Johann Zwettler - Ex-BAWAG-Generaldirektor: Rechtskräftig im ersten Prozess zu fünf Jahren Haft verurteilt. Im zweiten Prozess nicht angeklagt. Zwettler ist aus gesundheitlichen Gründen haftunfähig und war bisher keinen Tag im Gefängnis.
Peter Nakowitz - Ex-BAWAG-Generalsekretär von Elsner, später Vorstand: Im ersten Prozess zu vier Jahren Haft verurteilt, der OGH hat die Strafzumessung aufgehoben, im zweiten Verfahren wurde zu Prozessbeginn die Strafe auf drei Jahre, davon ein Jahr unbedingt, reduziert. Von zusätzlichen Vorwürfen wurde er im zweiten Prozess freigesprochen. Das Oberlandesgericht Wien verschärfte heuer im April die Haftstrafe auf drei Jahre unbedingt, das Urteil ist rechtskräftig. In der Causa Gerharter wurde Nakowitz zu 15 Monaten bedingt verurteilt.
Günter Weninger - Ex-BAWAG-Aufsichtsratspräsident und ÖGB-Finanzreferent: Im ersten Prozess zu zweieinhalb Jahren Haft, davon sechs Monate bedingt, verurteilt. Vom OGH zur Gänze gekippt. Im zweiten Prozess wurde er zu einem Monat bedingt für Bilanzdelikte beim ÖGB verurteilt, was er auch nicht bekämpft hat. Bezüglich der Untreuevorwürfe wurde er zur Gänze freigesprochen.
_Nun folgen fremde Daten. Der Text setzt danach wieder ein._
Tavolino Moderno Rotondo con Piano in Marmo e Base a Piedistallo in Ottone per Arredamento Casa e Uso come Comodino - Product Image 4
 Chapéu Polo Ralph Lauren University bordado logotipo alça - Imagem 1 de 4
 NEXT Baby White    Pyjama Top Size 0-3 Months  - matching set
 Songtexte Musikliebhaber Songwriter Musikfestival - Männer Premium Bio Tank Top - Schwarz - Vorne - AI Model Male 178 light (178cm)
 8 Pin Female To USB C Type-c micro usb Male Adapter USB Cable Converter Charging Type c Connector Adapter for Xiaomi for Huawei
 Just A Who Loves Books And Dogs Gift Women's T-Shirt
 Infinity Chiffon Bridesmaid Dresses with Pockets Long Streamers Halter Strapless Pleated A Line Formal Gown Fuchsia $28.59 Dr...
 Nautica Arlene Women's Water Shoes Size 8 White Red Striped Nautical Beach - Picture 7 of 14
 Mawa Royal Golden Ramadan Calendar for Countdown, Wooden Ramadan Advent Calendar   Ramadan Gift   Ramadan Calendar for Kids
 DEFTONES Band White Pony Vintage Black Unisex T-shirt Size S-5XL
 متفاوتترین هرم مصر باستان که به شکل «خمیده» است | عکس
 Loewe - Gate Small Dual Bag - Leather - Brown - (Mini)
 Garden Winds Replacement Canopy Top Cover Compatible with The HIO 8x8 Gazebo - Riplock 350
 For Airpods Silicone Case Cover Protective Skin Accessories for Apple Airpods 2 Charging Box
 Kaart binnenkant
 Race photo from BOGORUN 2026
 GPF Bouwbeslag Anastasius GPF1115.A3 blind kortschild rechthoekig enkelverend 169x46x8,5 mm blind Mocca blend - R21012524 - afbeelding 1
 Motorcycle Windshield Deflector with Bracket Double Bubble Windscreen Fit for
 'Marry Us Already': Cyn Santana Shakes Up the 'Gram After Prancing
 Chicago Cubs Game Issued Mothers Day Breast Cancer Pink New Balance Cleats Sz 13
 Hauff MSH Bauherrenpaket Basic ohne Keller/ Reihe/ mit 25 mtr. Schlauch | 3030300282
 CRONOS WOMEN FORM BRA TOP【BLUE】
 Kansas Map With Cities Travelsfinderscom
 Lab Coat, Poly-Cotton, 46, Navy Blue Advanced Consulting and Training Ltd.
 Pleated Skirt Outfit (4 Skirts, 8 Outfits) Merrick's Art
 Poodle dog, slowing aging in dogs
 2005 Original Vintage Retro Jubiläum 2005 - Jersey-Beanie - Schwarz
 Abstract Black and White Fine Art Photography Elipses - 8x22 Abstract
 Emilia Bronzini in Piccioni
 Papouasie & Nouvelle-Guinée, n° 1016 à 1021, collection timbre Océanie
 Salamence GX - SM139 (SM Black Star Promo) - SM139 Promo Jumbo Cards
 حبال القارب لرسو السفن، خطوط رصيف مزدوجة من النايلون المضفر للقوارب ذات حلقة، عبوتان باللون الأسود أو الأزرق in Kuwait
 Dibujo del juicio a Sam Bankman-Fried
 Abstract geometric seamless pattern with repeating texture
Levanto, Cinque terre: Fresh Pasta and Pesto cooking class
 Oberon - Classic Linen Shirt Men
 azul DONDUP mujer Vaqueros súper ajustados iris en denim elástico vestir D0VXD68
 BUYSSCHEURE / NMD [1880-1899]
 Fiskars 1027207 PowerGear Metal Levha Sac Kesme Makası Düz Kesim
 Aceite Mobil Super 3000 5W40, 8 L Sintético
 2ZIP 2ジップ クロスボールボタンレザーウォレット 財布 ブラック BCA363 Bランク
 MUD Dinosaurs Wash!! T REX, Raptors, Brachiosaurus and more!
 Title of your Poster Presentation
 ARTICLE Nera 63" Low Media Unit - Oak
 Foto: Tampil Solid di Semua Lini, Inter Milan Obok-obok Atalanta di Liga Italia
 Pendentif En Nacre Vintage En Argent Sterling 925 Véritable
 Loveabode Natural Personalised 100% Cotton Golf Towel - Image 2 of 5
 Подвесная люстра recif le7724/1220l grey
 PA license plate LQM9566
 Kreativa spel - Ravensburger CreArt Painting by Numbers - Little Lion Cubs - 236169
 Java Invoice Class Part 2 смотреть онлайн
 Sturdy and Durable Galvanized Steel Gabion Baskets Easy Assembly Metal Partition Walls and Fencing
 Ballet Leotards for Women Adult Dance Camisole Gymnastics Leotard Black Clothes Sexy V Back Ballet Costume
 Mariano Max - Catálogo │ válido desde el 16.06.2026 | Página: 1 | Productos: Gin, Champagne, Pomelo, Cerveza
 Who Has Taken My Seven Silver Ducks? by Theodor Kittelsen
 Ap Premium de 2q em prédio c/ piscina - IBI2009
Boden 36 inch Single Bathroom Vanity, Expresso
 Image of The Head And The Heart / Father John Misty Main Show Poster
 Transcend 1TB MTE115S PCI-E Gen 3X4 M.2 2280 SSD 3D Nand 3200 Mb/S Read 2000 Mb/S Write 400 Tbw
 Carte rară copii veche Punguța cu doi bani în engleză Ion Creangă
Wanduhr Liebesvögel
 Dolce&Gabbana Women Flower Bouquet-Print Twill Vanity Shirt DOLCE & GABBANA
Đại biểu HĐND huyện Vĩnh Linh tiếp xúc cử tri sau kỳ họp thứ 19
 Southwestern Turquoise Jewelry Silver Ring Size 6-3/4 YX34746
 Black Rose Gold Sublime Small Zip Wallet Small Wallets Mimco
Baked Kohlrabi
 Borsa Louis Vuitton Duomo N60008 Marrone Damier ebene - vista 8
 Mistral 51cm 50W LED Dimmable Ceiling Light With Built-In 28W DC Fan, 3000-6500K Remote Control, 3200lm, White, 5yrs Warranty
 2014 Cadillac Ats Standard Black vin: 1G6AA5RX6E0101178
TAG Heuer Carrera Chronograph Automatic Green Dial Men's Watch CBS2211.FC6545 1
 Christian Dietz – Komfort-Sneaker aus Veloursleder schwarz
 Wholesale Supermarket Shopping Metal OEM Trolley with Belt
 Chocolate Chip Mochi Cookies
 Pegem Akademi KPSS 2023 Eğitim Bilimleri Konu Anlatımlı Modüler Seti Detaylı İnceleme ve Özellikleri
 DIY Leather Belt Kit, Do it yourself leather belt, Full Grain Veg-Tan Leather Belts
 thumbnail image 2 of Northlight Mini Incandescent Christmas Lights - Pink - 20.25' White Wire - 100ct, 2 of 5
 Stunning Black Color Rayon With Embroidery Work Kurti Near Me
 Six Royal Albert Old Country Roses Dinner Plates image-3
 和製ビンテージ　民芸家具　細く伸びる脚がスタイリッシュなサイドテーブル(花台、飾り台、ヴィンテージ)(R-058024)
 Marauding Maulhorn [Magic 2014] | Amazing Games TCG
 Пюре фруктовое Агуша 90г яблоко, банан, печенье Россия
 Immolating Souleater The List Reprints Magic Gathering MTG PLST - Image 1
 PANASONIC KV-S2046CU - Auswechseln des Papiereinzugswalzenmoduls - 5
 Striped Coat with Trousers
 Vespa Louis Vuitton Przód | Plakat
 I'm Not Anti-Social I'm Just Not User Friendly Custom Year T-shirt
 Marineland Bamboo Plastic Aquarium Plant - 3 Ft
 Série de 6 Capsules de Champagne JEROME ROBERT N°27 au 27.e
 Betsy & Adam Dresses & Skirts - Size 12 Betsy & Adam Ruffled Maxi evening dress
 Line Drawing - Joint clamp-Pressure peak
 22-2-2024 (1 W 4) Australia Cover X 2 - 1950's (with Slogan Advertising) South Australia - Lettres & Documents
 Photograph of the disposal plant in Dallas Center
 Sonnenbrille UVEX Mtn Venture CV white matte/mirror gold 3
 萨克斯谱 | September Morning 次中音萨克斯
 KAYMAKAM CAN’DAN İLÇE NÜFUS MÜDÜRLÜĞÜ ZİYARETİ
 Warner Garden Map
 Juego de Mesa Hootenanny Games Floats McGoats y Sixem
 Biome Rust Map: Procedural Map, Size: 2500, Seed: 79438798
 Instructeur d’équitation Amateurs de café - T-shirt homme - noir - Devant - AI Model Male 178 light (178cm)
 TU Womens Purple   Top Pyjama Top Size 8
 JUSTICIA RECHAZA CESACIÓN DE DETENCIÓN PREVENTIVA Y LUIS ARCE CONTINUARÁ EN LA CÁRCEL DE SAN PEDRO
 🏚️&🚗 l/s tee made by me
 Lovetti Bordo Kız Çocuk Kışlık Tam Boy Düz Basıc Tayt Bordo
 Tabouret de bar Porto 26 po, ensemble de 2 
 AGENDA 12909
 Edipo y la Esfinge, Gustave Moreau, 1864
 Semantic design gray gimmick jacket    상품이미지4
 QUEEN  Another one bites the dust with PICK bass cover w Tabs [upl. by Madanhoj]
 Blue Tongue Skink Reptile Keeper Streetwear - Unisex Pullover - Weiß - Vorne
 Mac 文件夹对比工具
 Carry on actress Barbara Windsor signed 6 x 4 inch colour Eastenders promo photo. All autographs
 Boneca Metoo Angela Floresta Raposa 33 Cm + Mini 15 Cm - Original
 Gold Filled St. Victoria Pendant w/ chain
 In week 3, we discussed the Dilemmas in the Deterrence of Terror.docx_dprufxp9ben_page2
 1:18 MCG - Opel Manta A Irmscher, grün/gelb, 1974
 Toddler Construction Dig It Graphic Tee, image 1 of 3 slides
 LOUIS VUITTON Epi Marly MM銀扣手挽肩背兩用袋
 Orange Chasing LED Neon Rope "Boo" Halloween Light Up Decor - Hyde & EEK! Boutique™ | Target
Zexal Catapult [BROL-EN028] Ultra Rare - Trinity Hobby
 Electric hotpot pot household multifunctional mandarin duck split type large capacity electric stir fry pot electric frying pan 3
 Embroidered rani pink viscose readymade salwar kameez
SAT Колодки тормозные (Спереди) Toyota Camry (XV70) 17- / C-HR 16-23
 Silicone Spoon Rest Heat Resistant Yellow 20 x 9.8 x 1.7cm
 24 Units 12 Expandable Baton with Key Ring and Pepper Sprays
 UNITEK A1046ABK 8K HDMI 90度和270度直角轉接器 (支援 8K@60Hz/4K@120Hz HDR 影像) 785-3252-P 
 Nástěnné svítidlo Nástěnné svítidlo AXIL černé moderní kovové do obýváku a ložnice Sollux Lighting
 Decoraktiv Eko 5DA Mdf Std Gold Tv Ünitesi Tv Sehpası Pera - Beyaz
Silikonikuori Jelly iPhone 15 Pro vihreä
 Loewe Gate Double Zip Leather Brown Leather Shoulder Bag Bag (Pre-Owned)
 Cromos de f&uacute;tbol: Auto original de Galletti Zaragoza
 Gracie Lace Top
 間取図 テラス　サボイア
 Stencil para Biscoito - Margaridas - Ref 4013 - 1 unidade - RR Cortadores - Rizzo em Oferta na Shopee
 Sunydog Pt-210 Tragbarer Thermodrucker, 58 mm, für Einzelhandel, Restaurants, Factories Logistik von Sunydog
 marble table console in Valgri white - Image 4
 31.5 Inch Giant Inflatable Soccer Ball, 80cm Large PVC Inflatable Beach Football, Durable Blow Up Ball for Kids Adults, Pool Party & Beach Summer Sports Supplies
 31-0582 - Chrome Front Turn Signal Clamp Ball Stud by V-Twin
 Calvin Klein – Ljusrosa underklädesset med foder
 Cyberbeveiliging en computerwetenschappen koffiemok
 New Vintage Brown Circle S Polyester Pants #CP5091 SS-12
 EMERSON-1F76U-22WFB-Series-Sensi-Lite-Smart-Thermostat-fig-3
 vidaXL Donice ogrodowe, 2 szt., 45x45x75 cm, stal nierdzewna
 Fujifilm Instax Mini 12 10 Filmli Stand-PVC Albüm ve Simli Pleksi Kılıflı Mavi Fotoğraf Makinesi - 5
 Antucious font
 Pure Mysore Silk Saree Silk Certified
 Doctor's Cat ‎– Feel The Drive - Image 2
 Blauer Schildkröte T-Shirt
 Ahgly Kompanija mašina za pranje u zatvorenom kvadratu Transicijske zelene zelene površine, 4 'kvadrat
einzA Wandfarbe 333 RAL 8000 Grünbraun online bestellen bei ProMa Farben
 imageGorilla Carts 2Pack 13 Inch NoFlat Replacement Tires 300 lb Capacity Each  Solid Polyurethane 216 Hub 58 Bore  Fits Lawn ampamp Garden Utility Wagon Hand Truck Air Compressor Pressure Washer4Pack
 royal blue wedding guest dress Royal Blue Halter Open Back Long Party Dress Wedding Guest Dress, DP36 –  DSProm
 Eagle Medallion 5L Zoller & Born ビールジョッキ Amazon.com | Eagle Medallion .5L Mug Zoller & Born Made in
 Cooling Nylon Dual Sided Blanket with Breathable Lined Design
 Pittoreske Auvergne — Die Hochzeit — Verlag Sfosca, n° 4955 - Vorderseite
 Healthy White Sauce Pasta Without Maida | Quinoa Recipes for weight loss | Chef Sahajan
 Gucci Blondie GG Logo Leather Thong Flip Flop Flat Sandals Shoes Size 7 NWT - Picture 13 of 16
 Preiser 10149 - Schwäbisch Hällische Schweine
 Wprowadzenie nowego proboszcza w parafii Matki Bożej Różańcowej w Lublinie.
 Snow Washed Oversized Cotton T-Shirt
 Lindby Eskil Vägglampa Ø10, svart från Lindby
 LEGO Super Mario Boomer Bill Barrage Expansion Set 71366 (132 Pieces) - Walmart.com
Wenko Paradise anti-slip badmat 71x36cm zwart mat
Wolfgang Flöttl - Investmentbanker - Im ersten Prozess zu zweieinhalb Jahren Haft, davon zehn Monate unbedingt, verurteilt. Vom OGH zur Gänze gekippt. Im zweiten Prozess freigesprochen.
Hubert Kreuch - Ex-BAWAG-Vorstand - Im ersten Prozess zu dreieinhalb Jahren Haft verurteilt. Vom OGH zur Gänze gekippt. Im zweiten Prozess freigesprochen.
Josef Schwarzecker - Ex-BAWAG-Vorstand - Im ersten Prozess zu dreieinhalb Jahren Haft verurteilt. Urteil vom OGH zur Gänze gekippt. Im zweiten Prozess freigesprochen.
Christian Büttner - Ex-BAWAG-Vorstand - Im ersten Prozess zu eineinhalb Jahren bedingter Haft und 36.000 Euro Geldstrafe verurteilt. Vom OGH zur Gänze gekippt. Im zweiten Prozess freigesprochen.
Robert Reiter - Ex-BAWAG-Wirtschaftsprüfer - Im ersten Prozess zu drei Jahren Haft, davon ein Jahr unbedingt, verurteilt. Vom OGH zur Gänze gekippt. Im zweiten Prozess freigesprochen.